Visualizzazione post con etichetta 12 Years a Slave. Mostra tutti i post
Visualizzazione post con etichetta 12 Years a Slave. Mostra tutti i post

venerdì 28 febbraio 2014

Zazie d'Or 2013


Oscars? Golden Globes? Golden Lions? Golden Palms? Golden Bears? BAFTAs? Césars?
Totally has been! Totally out of fashion! The most prestigious cinema award worldwide is – no doubt about it - the one and only ZAZIE D’OR!
Last year, Zazie has been 84 times to the movies and this, dear readers, is the BEST OF IT ALL:


The Zazie d’Or for BEST PICTURE 2013 goes to
LA VIE D'ADELE by Abdellatif Kechiche (France)
They are two girls in France but they could have been a boy and a girl in Japan or two boys in Alaska. Kechiche proves (thanks to two actresses en état de grace) that the first love and the first pain of love are universal and unforgettable. M A G N I F I Q U E !

The SPECIAL ZAZIE D’OR 2013 goes to
INSIDE LLEWYN DAVIS by the Coen Brothers (US)
A folk singer, a cat named Ulysesse, a bunch of beautiful songs, a cold winter in the NY of the 60s. And the genius of the Coen Brothers to turn a disastrous series of events into the most pleasant cinema moment of the year. W O N D E R F U L !

The ZAZIE COUP DE COEUR 2013 goes to 
12 YEARS A SLAVE by Steve McQueen  (US)
Before seing this movie I had no idea what being a slave meant. After having seen it, I do.

Very much so.
Zazie would like to give a special prize to the entire cast of this movie for their excellent performances: CHIWETEL EJIOFOR, LUPITA NYONG'O, MICHAEL FASSBENDER, SARAH PAULSON, BENEDICT CUMBERBATCH, PAUL DANO, PAUL GIAMATTI, they are all amazing. BRAD PITT, I am afraid, IS NOT included (but we thank him, anyway, because without his presence the money to produce the film would have never been found).
The Zazie d'Or for BEST DIRECTOR 2013 goes to
NICOLAS WINDING REFN for ONLY GOD FORGIVES (Thailand)
This is a prize that will surprise many of you, I know. Nobody liked this movie except me and few other people. Well, j'assume! I have always loved his cinema, and I adore the way he films. I am completely under his spell. I can stay in front of the screen for hours if Winding Refn is behind the camera.

 
The Zazie d’Or for BEST ACTOR 2013 goes to
BRUCE DERN for NEBRASKA by Alexander Payne (US)

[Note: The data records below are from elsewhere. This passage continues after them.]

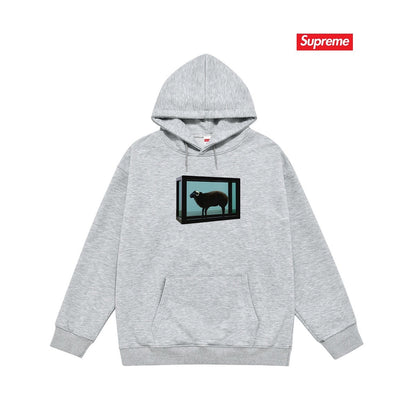 Supreme Unisex Casual Hoodie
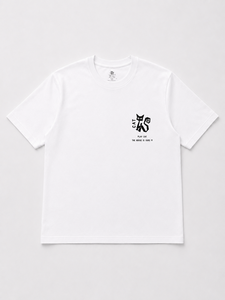 Premium 290 GSM Heavyweight Knitted Cotton Blend Oversized T Shirt Custom Printed Streetwear Unisex OEM ODM Manufacturer RTS - Product Image 1
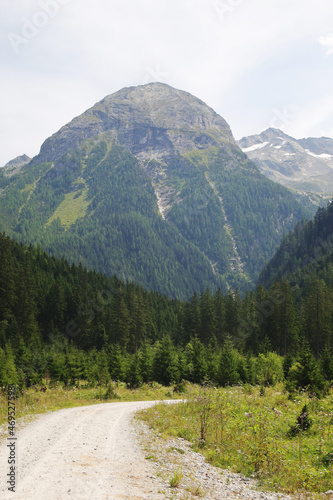 Koetschachtal valley in Gasteinertal, Austria photo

You don't need to have made the Actor's Studio to give the performance of the year. You don't even need to be young and beautiful, to loose 30 kgs, to have a handicap or a mortal illness. Sometimes you just need to be Bruce Dern in a black & white movie. This one.
The Zazie d’Or for BEST ACTRESS 2013 goes to
CATE BLANCHETT for BLUE JASMINE by Woody Allen (US)
Yes, I know, she has already won all the prizes in this world. I’ve tried to find somebody else, I thought a lot about the girls of La vie d’Adèle, but then I had to admit it: the most unforgettable one, is her Jasmine. There's nothing I could do about it!

The Zazie d'Or for BEST SCREENPLAY 2013 goes to
RICHARD LINKLATER+JULIE DELPY+ETHAN HAWKE for BEFORE MIDNIGHT by Richard Linklater (US)
These three people have done something unique in cinema history: they have created a couple 20 years ago and they told us their story ever since. We have grown up with Jesse and Céline: we have shared with them the joys of youth, the doubts of maturity and now the difficulties of the middle age. The dialogues of these movies should be studied in every cinema school, because they're simply perfect. 
I hope we will meet them again!
 
The Zazie d'Or for BEST CINEMATOGRAPHY 2013 goes to
BRUNO DELBONNEL for INSIDE LLEWYN DAVIS by the Coen Brothers (US)
Delbonnel, the man behind the magic light of movies like Faust and Le Fabuleux déstin d'Amélie Poulain, works for the first time with the Coen brothers and the result is more than special: the vintage patina of the '60s combined with the cold light of a NY winter is absolutely splendid!
The Zazie d'Or for BEST DOCUMENTARY 2013 goes to

STORIES WE TELL by Sarah Polley (Canada)

I adore Sarah Polley's cinema. Here she relates an incredible personal story: the discovery of her father not being her real father and her search for the natural one. In a strange mix of fictional super 8 films and interviews with the "real" people, she drags us into a very touching family history plenty of emotions, funny moments and universal questions about ourselves.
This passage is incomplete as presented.